Mariana Caló, Francisco-queimadela
2018
still frames from original video piece
EXODUS STATIONS #3 project, like the previous projects, has invited two contemporary artists to work on the questions the project poses. Mariana Calo and Francisco Queimadela, following an invitation from CIAJG, spent time accompanying the setting up of shows, filming the exhibitions, recording parallel events and going through catalogues in order to formulate a personal framing of the visual and textual documents encountered there.
The selection of images presented here – Luminous Shadow (2018) – is a collection of still frames from a film which intends to mirror the artists’ personal questions in relation to the curatorial statement of CIAJG: ‘engaging contemporary and historic art beyond strictly museological classifications’.
Their frames depict art works on display in exhibition cycles that occurred throughout the two years they were filming at CIAJG, as well as pages of catalogues that were edited by CIAJG. Their work, although developing its own conceptual framework, reloads principles that we have identified in José de Guimarães’ approach.
In Luminous Shadow we see moments in which historic continuity is disrupted. By procedures such as the assemblage of objects and images and the burning of documents and images, historic elements are assembled in a non-historic way. In this sense, we can think here of José de Guimarães’ aspiration to create a cultural continuity by appropriating empathically other ‘modernities’, fusing cultures, and working in a personal key on historic content. As in José de Guimarães’ work, this breaking of historical continuity can be seen as a political act, as it represents an interruption of ‘tradition’ and its cycle of reproduction, and creates new genealogies of thought.
In some of the frames we even see how fragments are joined in stop motion – building a new coherence, a new narrative. As in a mise-en-abyme the film documents other documents: Guimarães catalogues. Calo and Queimadela’s work with books and exhibition documentation material sketches a possible museum of a museum. Similarly, Guimarães as a painter and collector is assembling his own artistic universe out of ‘gathered’ sources and materials. This represents not only a manipulation of material into a new continuum, but also a transfer from one medium into another. Sculpture inspires and transforms itself into painting in the case of Guimarães’ work, photography becomes video, or a book is turned into a video document in Calo and Queimadela’s work. In this way, we can observe how the transfer of historic meaning is always determined via a specific media. It also becomes obvious how any collection represents a portrait of its collector. It represents the objects less, and emphasises more so the agenda of its collector or of its epoch, turning any collecting act into a political statement.

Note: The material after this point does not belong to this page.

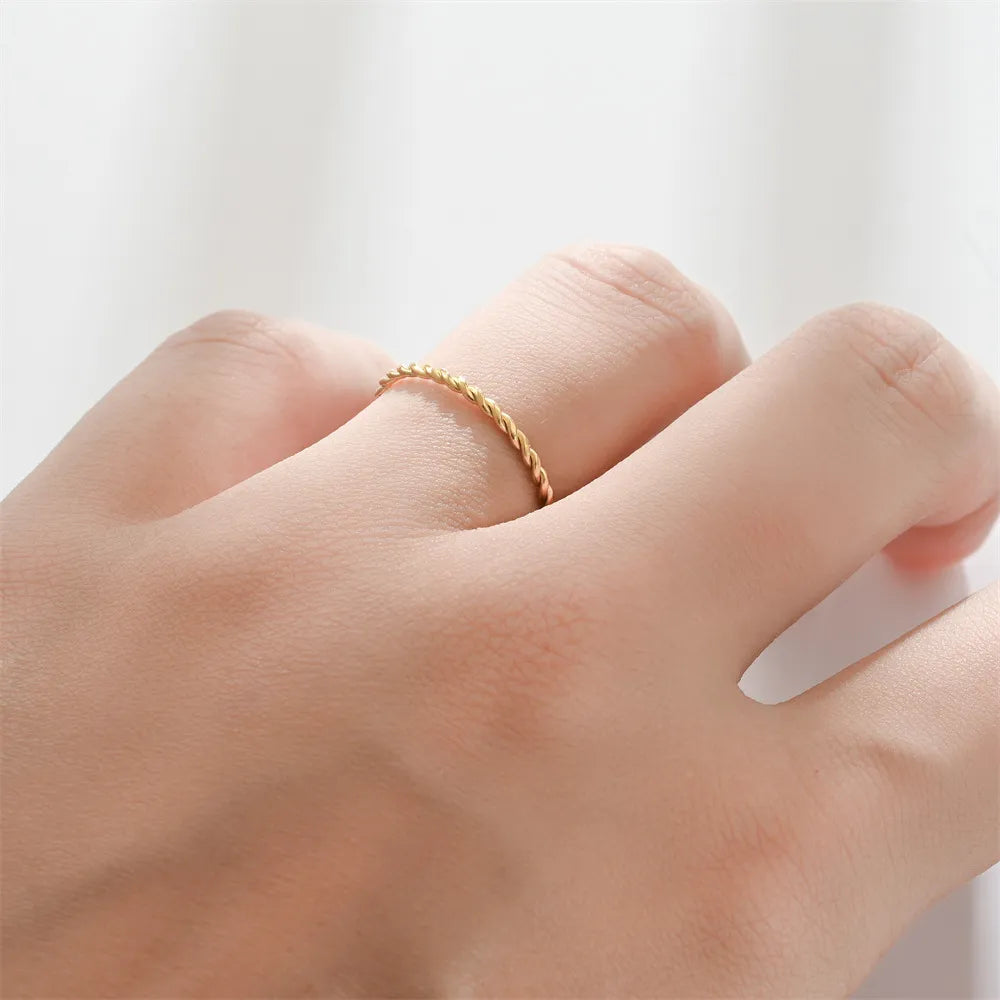 Macro detail of the 14K gold-plated twisted rope band showing the cabled 925 sterling silver texture and mirror-bright polished finish. Hallmarked Loretana piece, hand-finished in Kaunas.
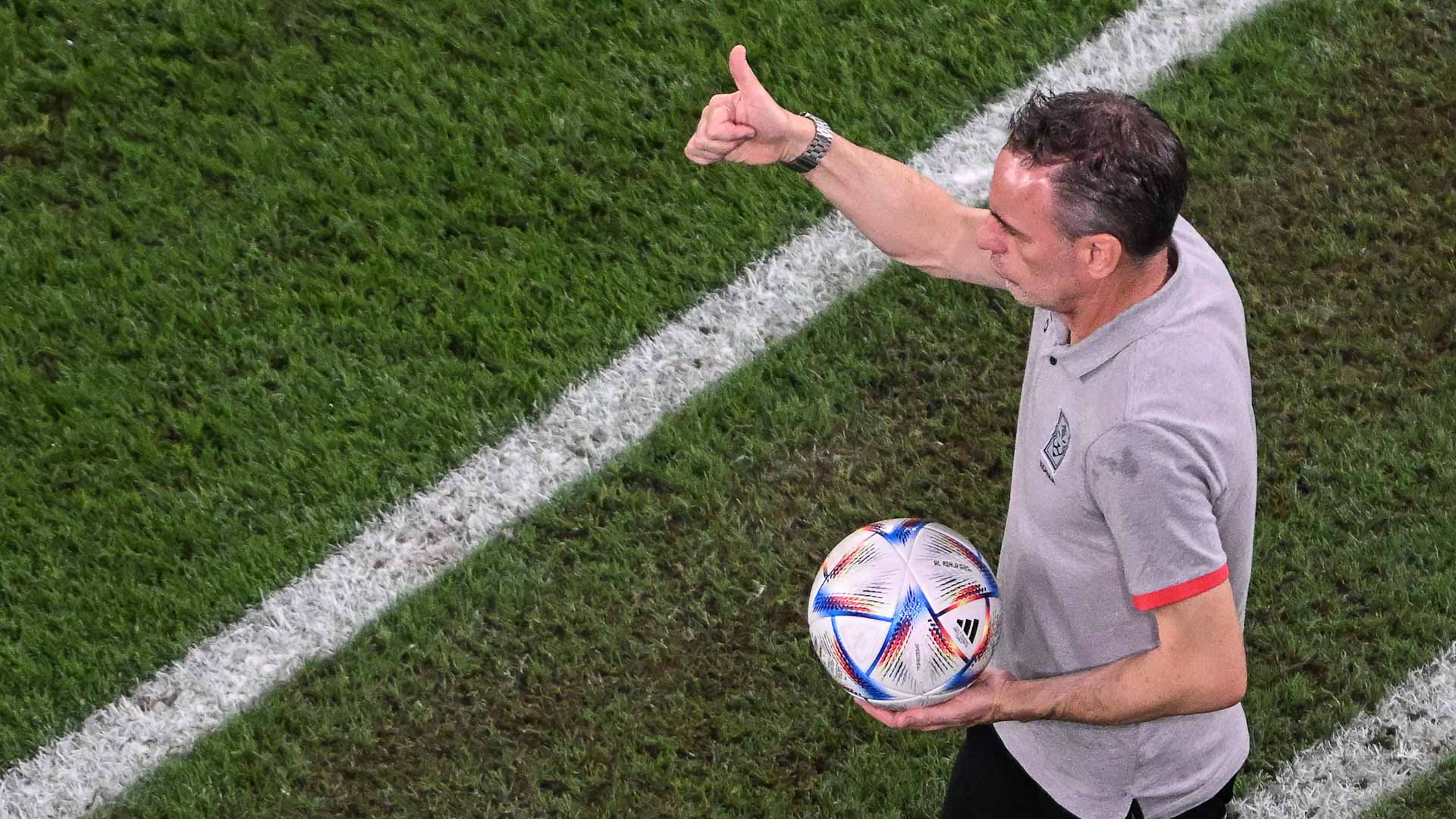 صورة بعنوان: المدرب باولو بينتو يغادر منصبه كمدرب لمنتخب كوريا الجنوبية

On a temporal level, Calo and Queimadela show that every act in the present can have repercussions on the past and on the reception of the past. In their images where a subject is moving stones – the ornaments for a Mortuary mask – we can identify a sort of retrospective intervention into the documents of history that creates a parallel discourse, a meta-reality, which co-exists with the ‘historic’ reality. In both theirs and José de Guimarães’ work, the archive/museum is not only a device to guard information, but also to erase it, to make it disappear. This process of preserving-hiding is specific to all processes of ‘recuperation’, and typical of European anthropologists and collectors that aimed to retain and preserve the ‘essence’ or the ‘spirit’ of African art, but at the same time, by the very act of collecting, they erased obscured the history of the collected objects.